Cela fait bientôt 15 ans que je vis à Nairobi et comme beaucoup d’autres français, je passe tous les jours au croisement du Yaya Centre, celui qui relit Ring Road à Argwings Kodhek* (un des noms de rue les plus difficile à écrire du Kenya d’ailleurs).

Un croisement que beaucoup d’entre nous détestent car il est constamment encombré et bourré de trous !

Et il suffit d’un moindre petit bouchon pour que bus, matatus et voitures particulières (ceux qui prônent l’impunité, karibu kenya) déboitent, doublent et utilisent les voies secondaires (passage par la station essence, double voies, etc.) ou à contre-sens pour engendrer chaos et zizanie !!

Et bien, si comme moi vous passez par ce croisement de fous, vous avez surement remarqué quelques peintures sur pierre disposées en ligne le long de la route, les bosquets, les monticules de boues et les tranchées creusées par le City Council; et derrière ces peintures… un petit groupe de chokora** qui passe sa journée assis dans la boue entourés de plusieurs laveurs de voiture de rue !

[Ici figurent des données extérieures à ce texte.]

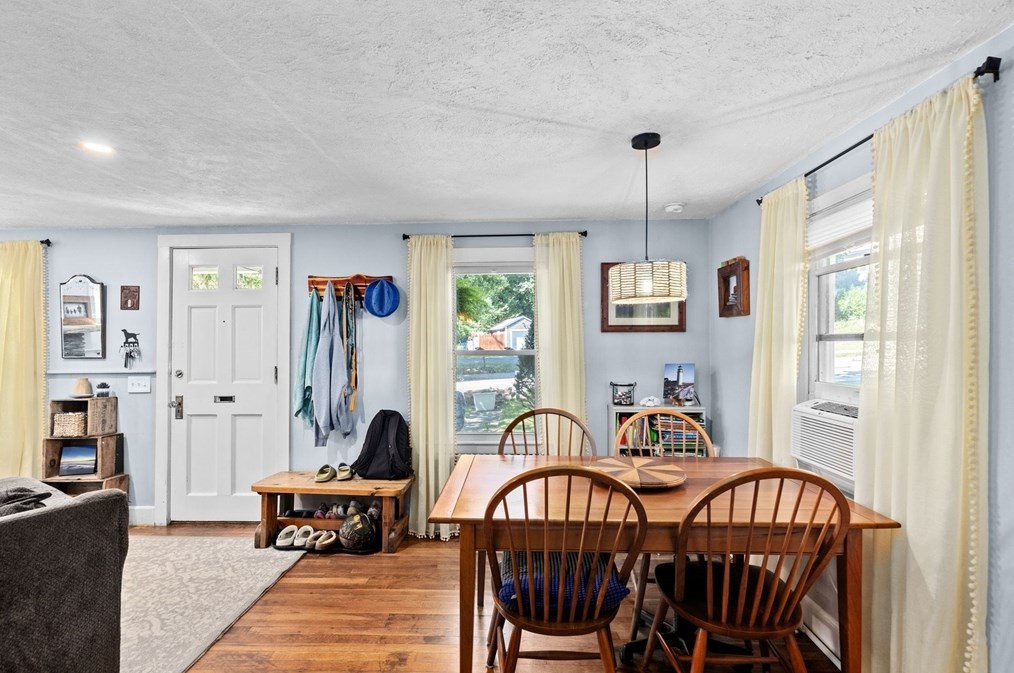 75 Standish Ave, Plymouth MA 02360-4125 exterior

À force de passer par là tous les jours, ces peintures font parti petit à petit de votre quotidien, tout comme une oeuvre accrochée chez vous !! Pour ma part, j’ai toujours été intrigué de savoir qui se cachait derrière ces peintures…

Une personne sur un forum sur l’art de rue (le vrai (ou le faux) streetart) a annoncé qu’il organisait un petit concours et donnerait un prix à celui qui a fait une bonne action directe dans le mois. Après voir lu cela, je me suis dit pourquoi ne pas rendre visite à ce peintre de rue et faire découvrir une facette de la vie du Kenya aux membres du forum !

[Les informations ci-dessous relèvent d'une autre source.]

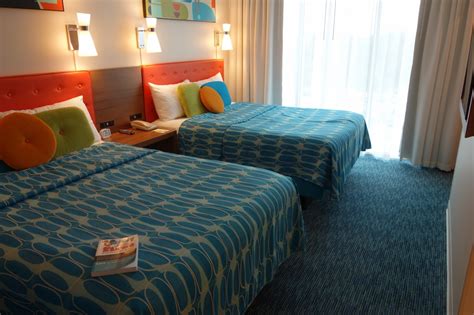 1 queen bed and 2 twin beds | sleeps 8. Six Person Family Suites at Cabana Bay Beach Resort at ...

Alors, me voilà, débarquant avec ma voiture, Lee Perry en fond sonore… À peine garé, les gens viennent me voir; ils apprécient la musique, on se fait plusieurs saluts africain/rasta (tapage du poing et coup d’épaule) puis je m’enquiers sur l’identité du peintre !

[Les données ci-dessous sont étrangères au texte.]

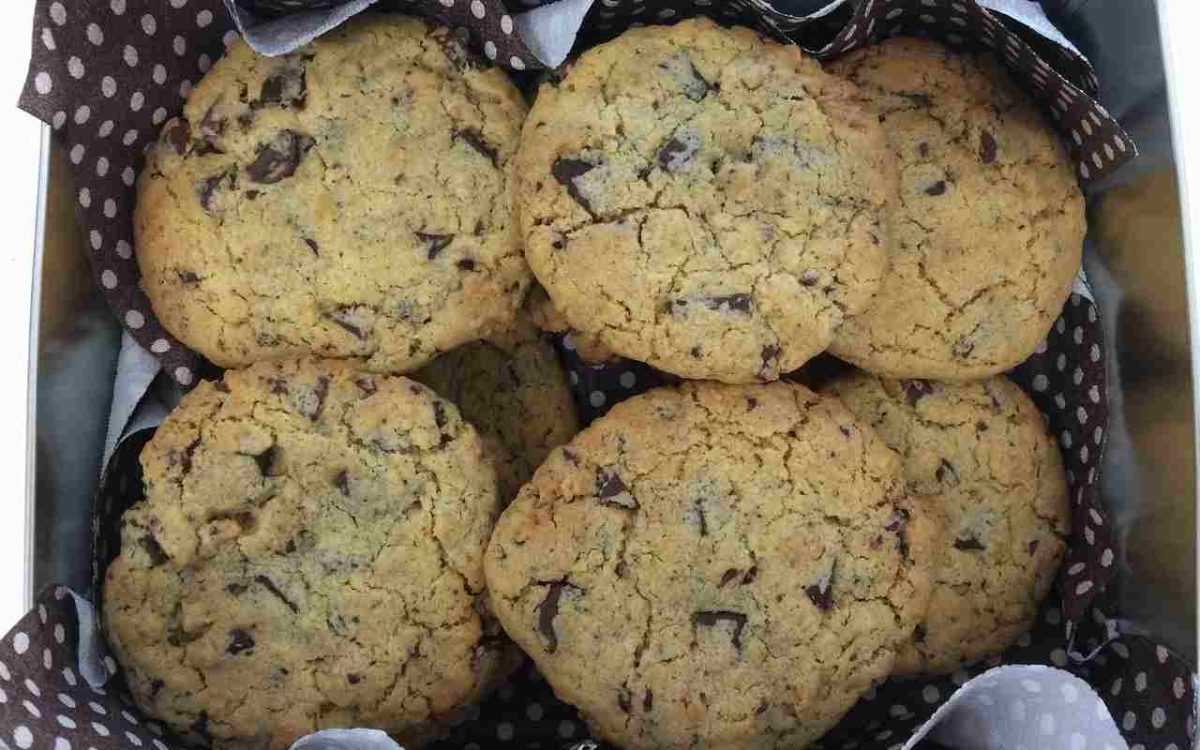 Vegetable biscuits with lemon and chocolate chips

J’ai passé quelques minutes à discuter avec Topher Kavuli… Agé de 38 ans, il vit dans la rue comme les autres… mais au lieu de mendier ou de voler, il passe sa journée près de ses peintures à attendre des commandes… il m’a avoué il ne vend pas grand chose !!

Lorsque je lui ai dis que cela fait des années que je passe devant ses peintures (comme des milliers d’autres), il a rigolé et m’a dit « oui cela fait des années que je perd mon temps« , cela en dit long sur l’humour et la gentillesse de Topher.

Je lui ai ensuite fait remarquer qu’il y a de plus en plus de gens intéressés par l’art africain et l’art de rue et lui ai dont demandé pourquoi, après tant d’années, il n’a pas rejoins un groupe d’artistes, comme celui de Maasai Mbili composés d’artistes vivant dans les bidonvilles… Sa réponse a été vague, il va de temps en temps au Kuona Trust pour chercher de la peinture et des pinceaux ou s’inspirer, mais il préfère être dans la rue, dans son petit monde entouré d’amis qui vivent également dans la rue.

À ma question, s’il avait déjà peint sur canevas ou s’il a déjà été commissionné par un galeriste ou amateur d’art, il m’a répondu que non… Que seulement une personne, Frank Whalley de Lenga Juu, un spécialiste de l’art kényen qui rédige pas mal d’articles de presse sur l’art africaine, avait écrit une colonne sur lui en 2009 dans le EastAfrican (ci-dessous)

Bon, il y avait les enfants qui m’attendaient dans la voiture (sous la surveillance des laveurs) alors je n’ai pas trop trainé !  Je lui ai demandé si je pouvais prendre une photo, ce qu’il a accepté si je lui amène un ou deux tirages. Du coup, je suis resté sur ma fin et je compte bien le revoir prochainement (déjà pour donner les photos).

Mais en partant, je me suis dit que cela serait marrant d’organiser une commande pour lui sur canevas. Du coup, je fais continuer l’appel au good karma lancé dans le forum, et peut-être qu’une ou deux – ou même plusieurs – personnes du forum accepteraient de mettre 30 euros pour avoir un petit canevas peint par Topher (cela changera de McLevey), envoyé par mes soins… Et si ces peintures plaisent vraiment, alors espérons qu’il ait plein de commandes, assez pour sortir de la catégorie des gens qui vivent avec moins d’un dollar par jour.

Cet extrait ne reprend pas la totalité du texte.